What you will do ▸
Pictures should be omitted from your copy. Everything else in the entries below must be restated word for word.

*** Opening Given records ***

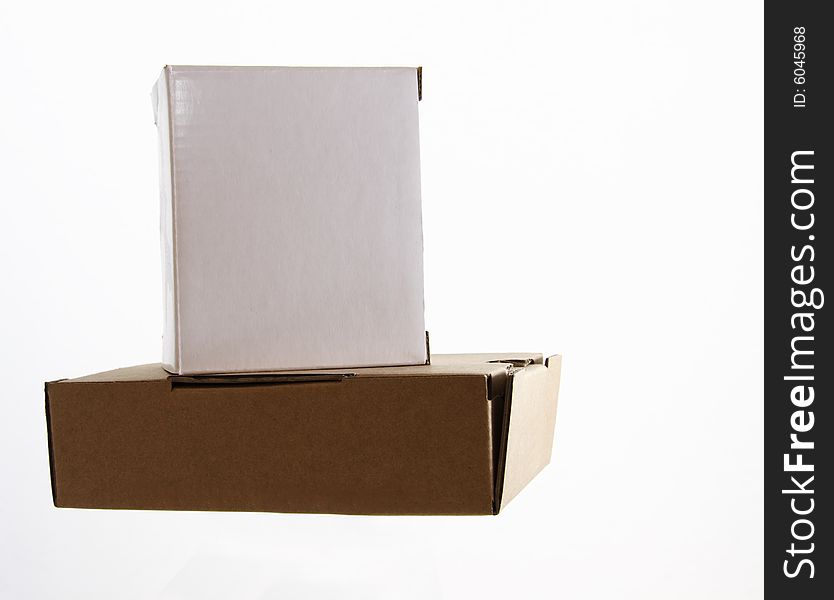 Brown and white cardboard boxes strong packaging for sending items through the post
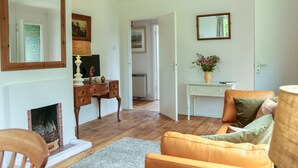 A living room with a fireplace, a wooden coffee table, a sofa, and a white desk with a vase of flowers. - Henllys Lodge (Crymych)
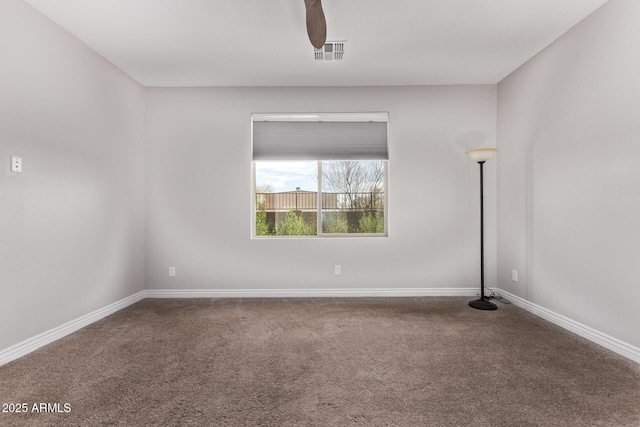 unfurnished room with ceiling fan and carpet flooring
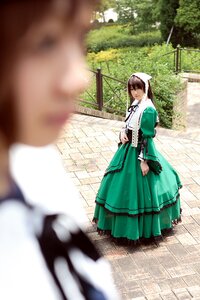 Rating: Safe Score: 0 Tags: 1girl blue_dress blurry blurry_background blurry_foreground brown_hair closed_eyes day depth_of_field dress frills green_dress long_sleeves motion_blur multiple_cosplay outdoors shoes standing suiseiseki tagme white_legwear User: admin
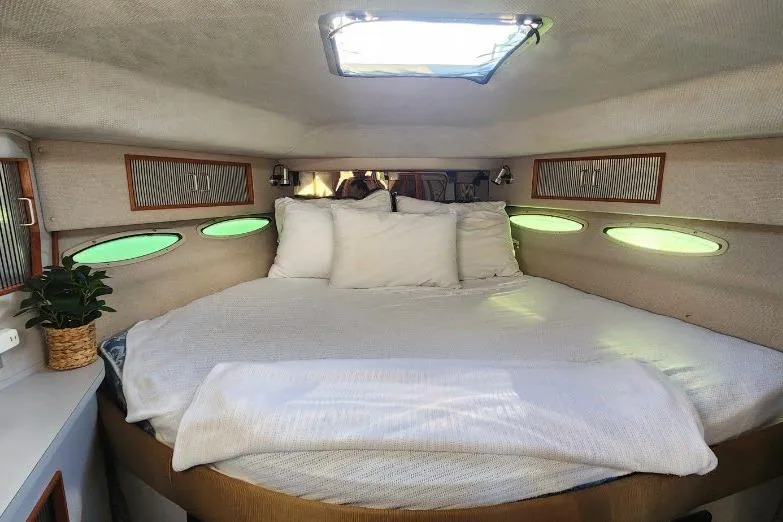 Slide: The Image of Cozy cabin interior of 1988 Sea Ray 390 Express Cruiser with skylight and plush bedding. - 29
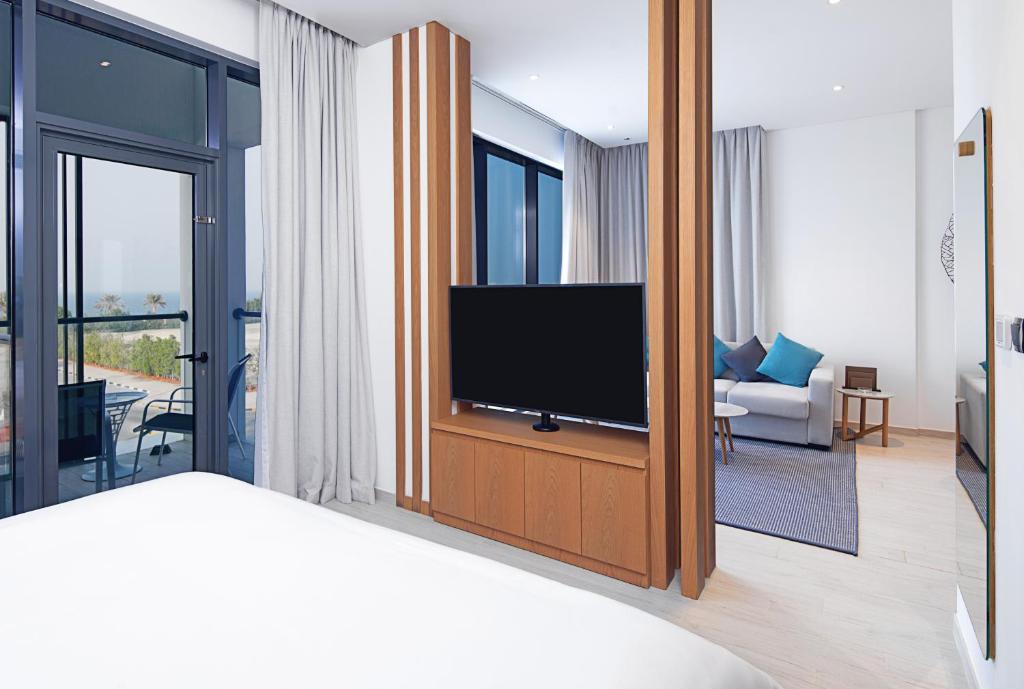 Mūsdienīgs viesnīcas numurs ar atvērtu plānojumu, kurā redzams televizors un komfortabla sēdvieta, kā arī skats uz terasi un ainavu.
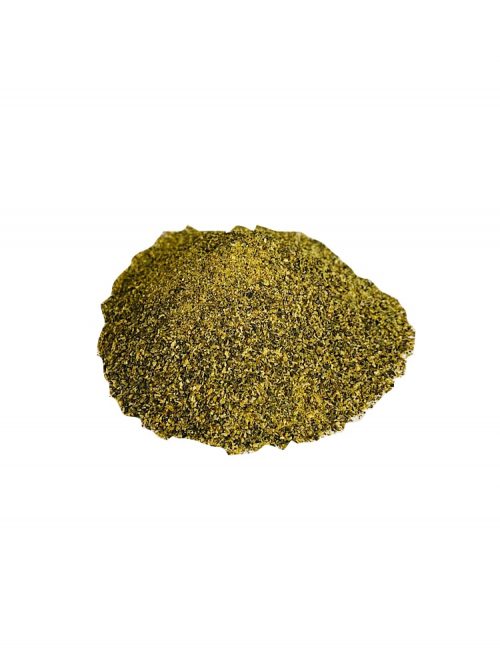 Drool pet Co. Seaweed meal Topper Photograph of a pile of seaweed meal on a white background.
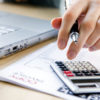Reducão de custos em ti sendo ilustrada com uma imagem de uma pessoa fazendo cálculos com uma calculadora na frente de um notebook.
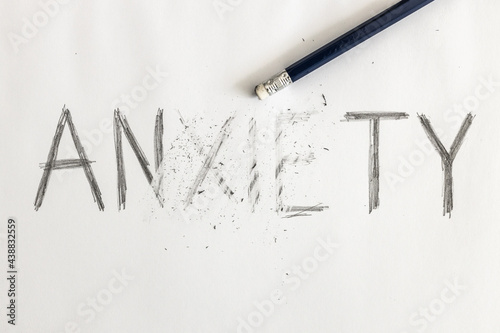 Erasing anxiety. Anxiety written on white paper with a pencil, partially erased with an eraser. Symbolic for overcoming anxiety or treating anxiety.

*** Closing Given records ***

Written response ▸
 Brown and white cardboard boxes strong packaging for sending items through the post
 A living room with a fireplace, a wooden coffee table, a sofa, and a white desk with a vase of flowers. - Henllys Lodge (Crymych)
 unfurnished room with ceiling fan and carpet flooring
 Rating: Safe Score: 0 Tags: 1girl blue_dress blurry blurry_background blurry_foreground brown_hair closed_eyes day depth_of_field dress frills green_dress long_sleeves motion_blur multiple_cosplay outdoors shoes standing suiseiseki tagme white_legwear User: admin
 Slide: The Image of Cozy cabin interior of 1988 Sea Ray 390 Express Cruiser with skylight and plush bedding. - 29
 Mūsdienīgs viesnīcas numurs ar atvērtu plānojumu, kurā redzams televizors un komfortabla sēdvieta, kā arī skats uz terasi un ainavu.
 Drool pet Co. Seaweed meal Topper Photograph of a pile of seaweed meal on a white background.
Reducão de custos em ti sendo ilustrada com uma imagem de uma pessoa fazendo cálculos com uma calculadora na frente de um notebook.
 Erasing anxiety. Anxiety written on white paper with a pencil, partially erased with an eraser. Symbolic for overcoming anxiety or treating anxiety.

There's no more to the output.